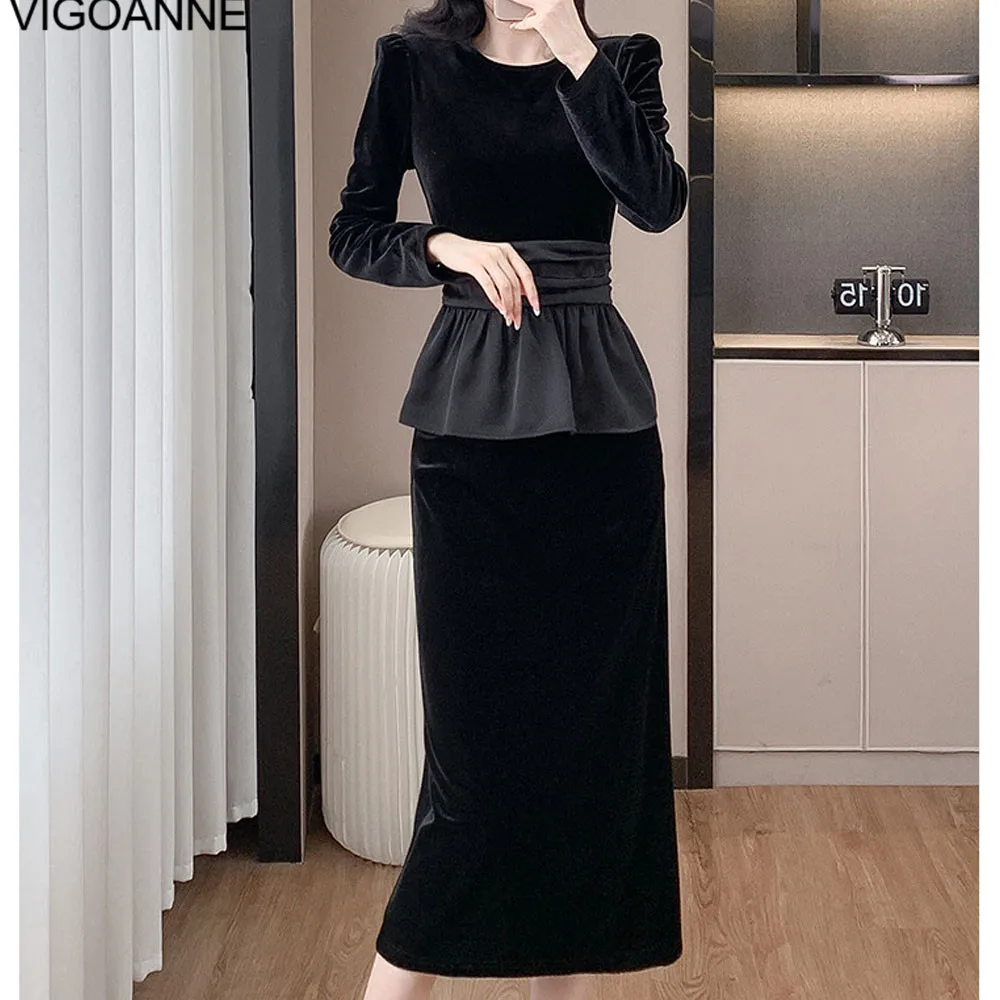 VigoAnne 2025 Solid Long Sleeve Top And High Waist Skirt 2 Piece Sets Woman Spring Autumn Korean Velvet Long Dress Suit Ladies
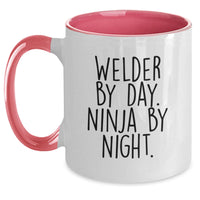 Load image into Gallery viewer, Funny Welder Gifts from Friends to Men - 'Welder By Day. Ninja By Night.' Two Tone Coffee Mug for Christmas - Main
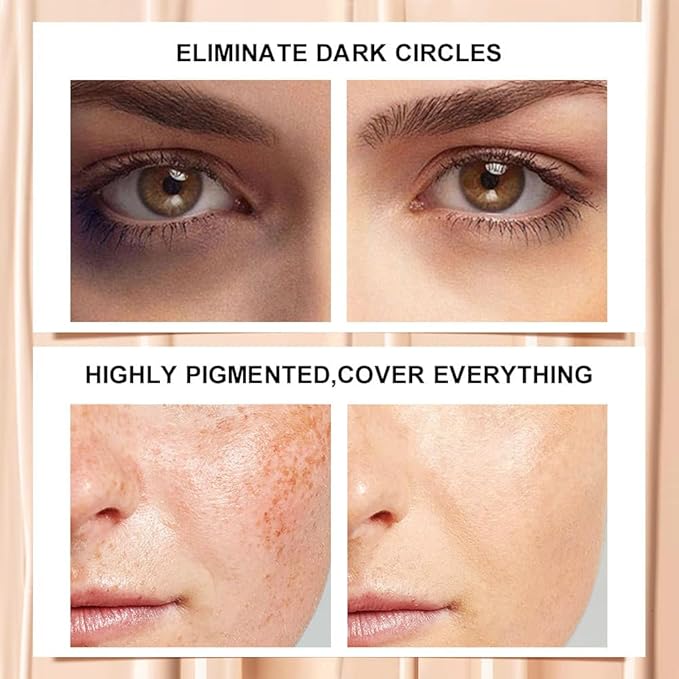 Kaely 2Pcs Hydrating Concealer Wand,Full Coverage Liquid under Eye Concealer,Long Lasting Waterproof Primer Makeup for Dark Circles and Puffiness Trouble Spots Redness,Eye Ring corrector de ojeras 06
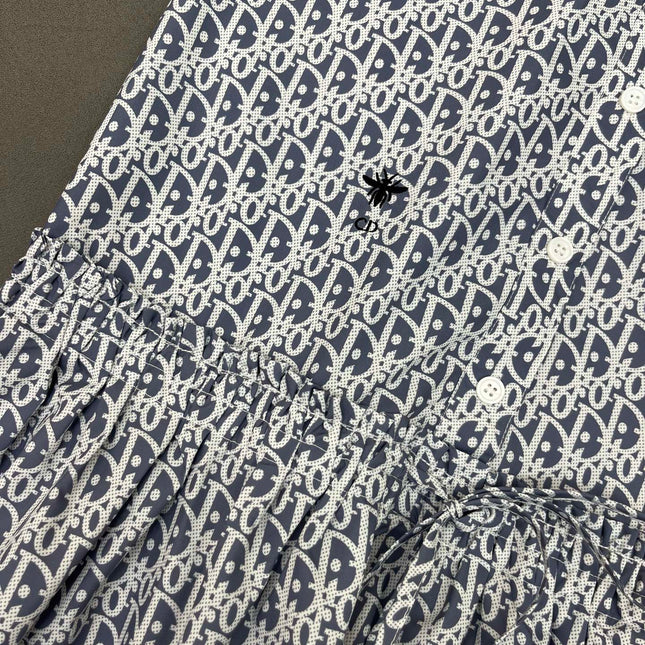 DIOR SLEEVELESS PRINTED DENIM DRESS 269128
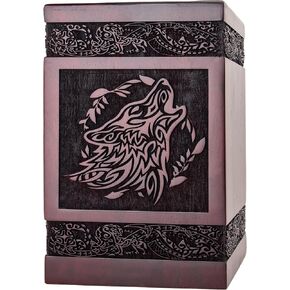 Exquisite Wolf Urn for Human Ashes Adult Male Female - Urns for Human Ashes Adult Man, Dog Cat Pet Memorial Urn, Burial Urns for Adult Human Ashes (Medium-180 Cu.in)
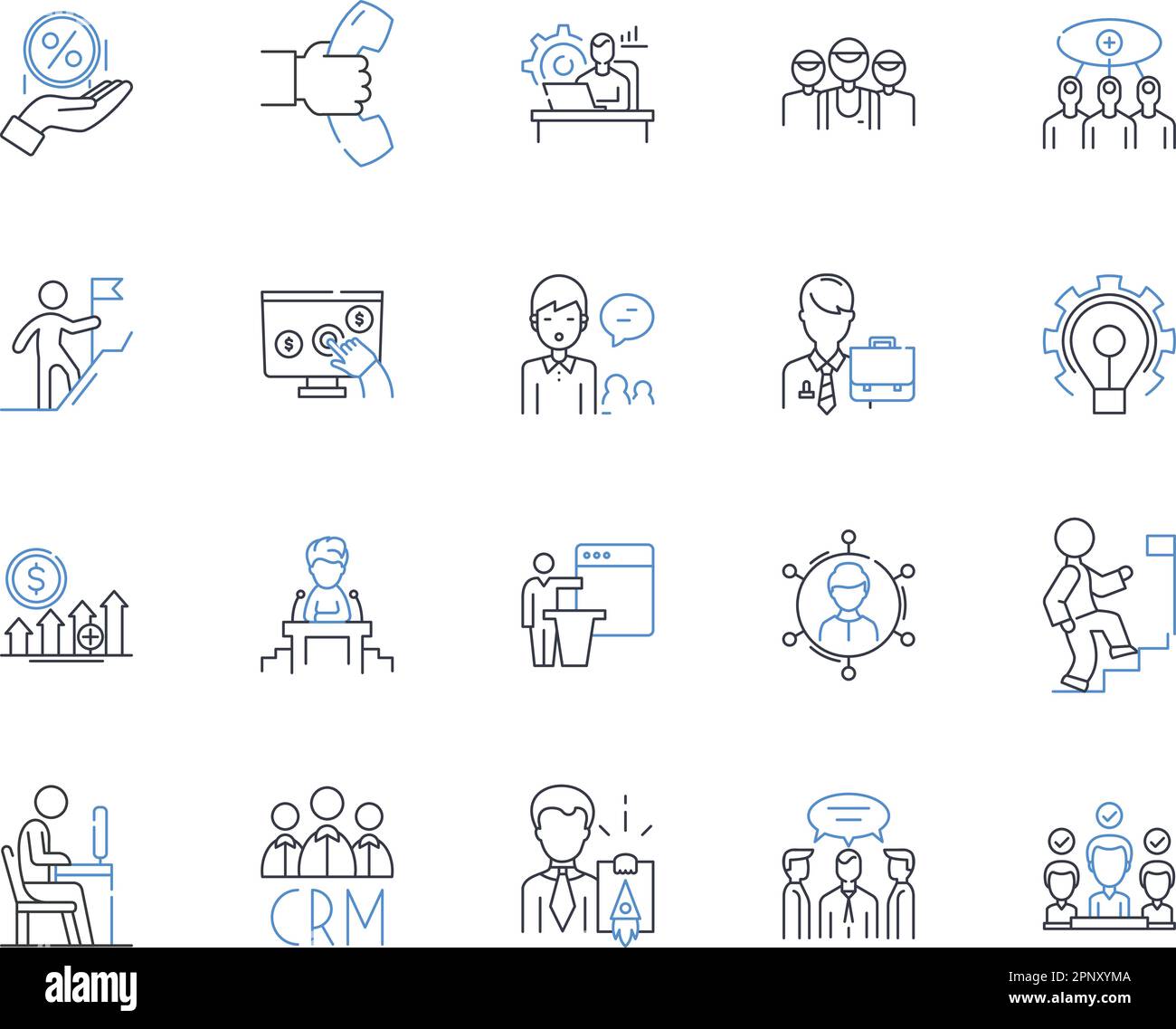 Collezione di icone della linea di occupazione commerciale. Commercio, commerciabile, merchandising, professionale, transazione, Rapporti, contrattazione vettoriale e lineare Illustrazione Vettoriale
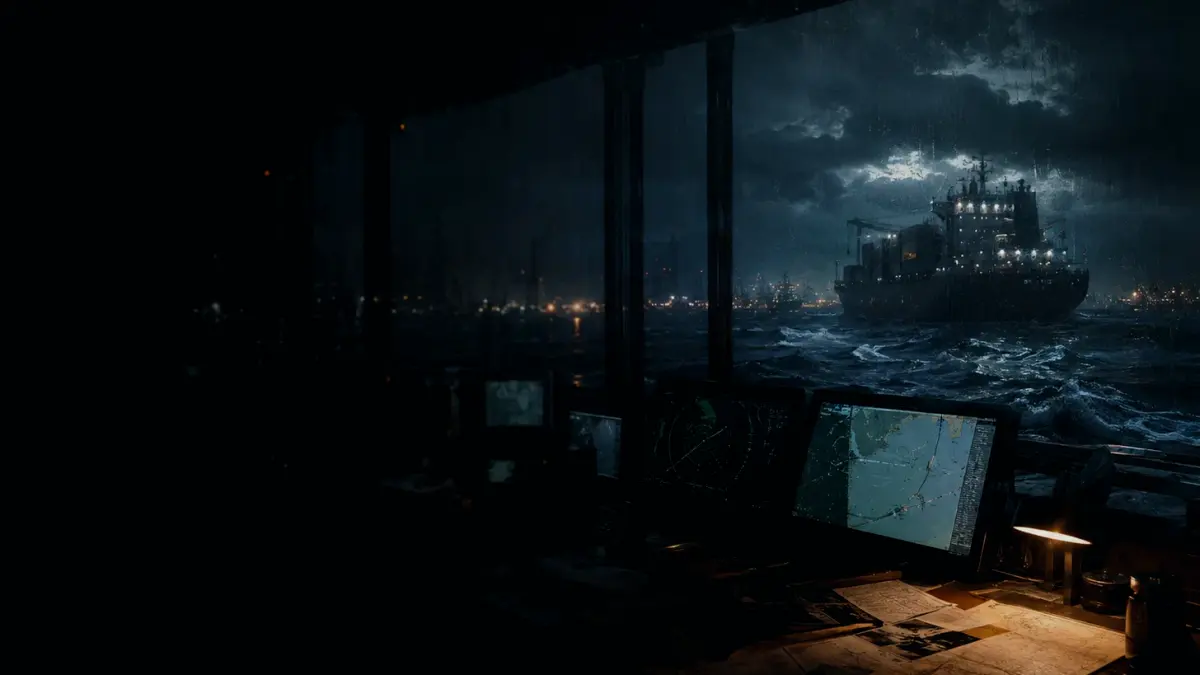 What Crew Works on a Lifeboat? supporting article image showing marine radar-style display and shipping route evidence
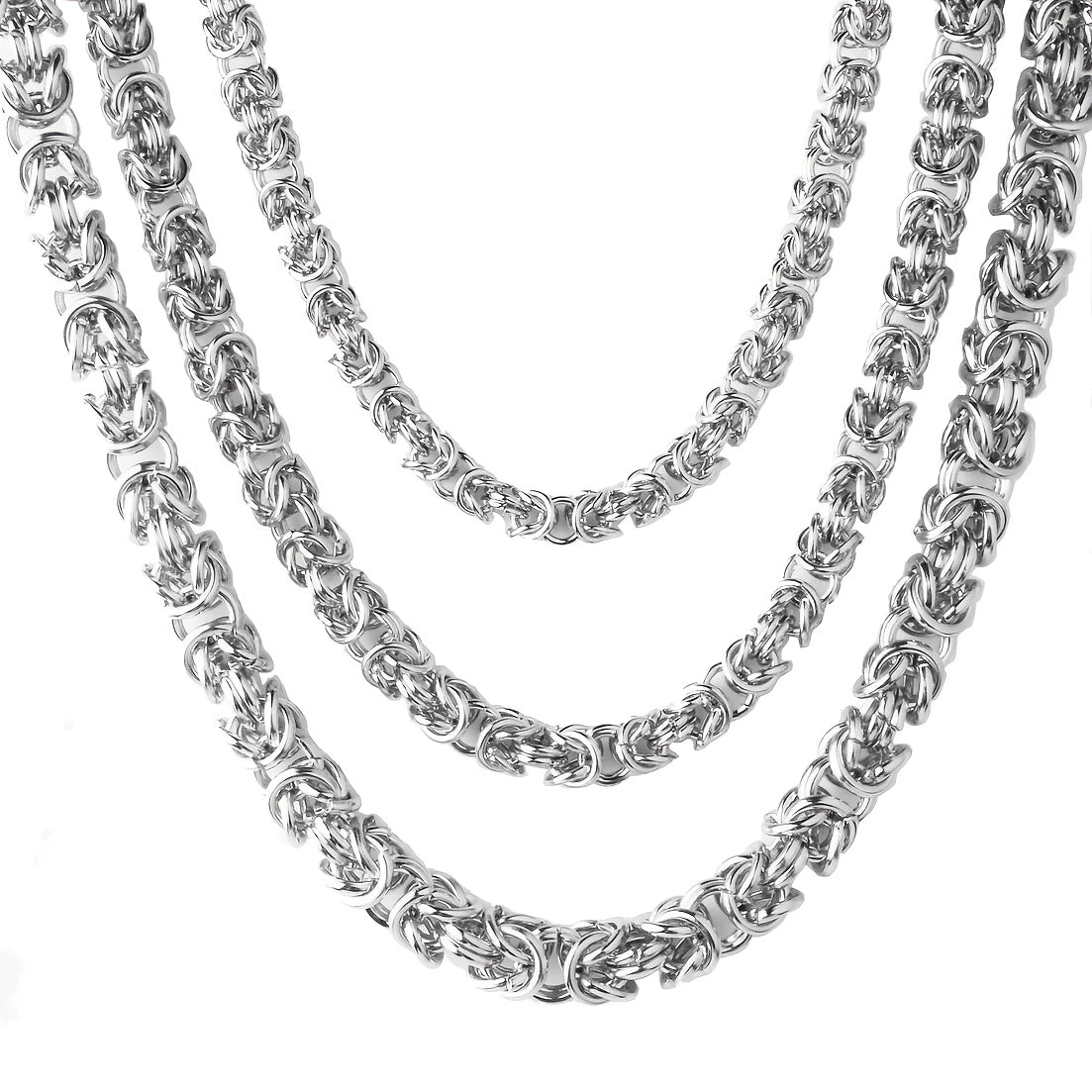 Men's Byzantine Chain made of stainless steel &amp; sterling silver look – 6/8/10 mm Byzantine style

____________________

▶ Work item
Transcribe the span of lines that runs from the line with "Kaely 2Pcs Hydrating" to the end of the data, both ends included, exactly, with nothing else and no pictures.

▶ Task output
 Kaely 2Pcs Hydrating Concealer Wand,Full Coverage Liquid under Eye Concealer,Long Lasting Waterproof Primer Makeup for Dark Circles and Puffiness Trouble Spots Redness,Eye Ring corrector de ojeras 06
 DIOR SLEEVELESS PRINTED DENIM DRESS 269128
 Exquisite Wolf Urn for Human Ashes Adult Male Female - Urns for Human Ashes Adult Man, Dog Cat Pet Memorial Urn, Burial Urns for Adult Human Ashes (Medium-180 Cu.in)
 Collezione di icone della linea di occupazione commerciale. Commercio, commerciabile, merchandising, professionale, transazione, Rapporti, contrattazione vettoriale e lineare Illustrazione Vettoriale
 What Crew Works on a Lifeboat? supporting article image showing marine radar-style display and shipping route evidence
 Men's Byzantine Chain made of stainless steel &amp; sterling silver look – 6/8/10 mm Byzantine style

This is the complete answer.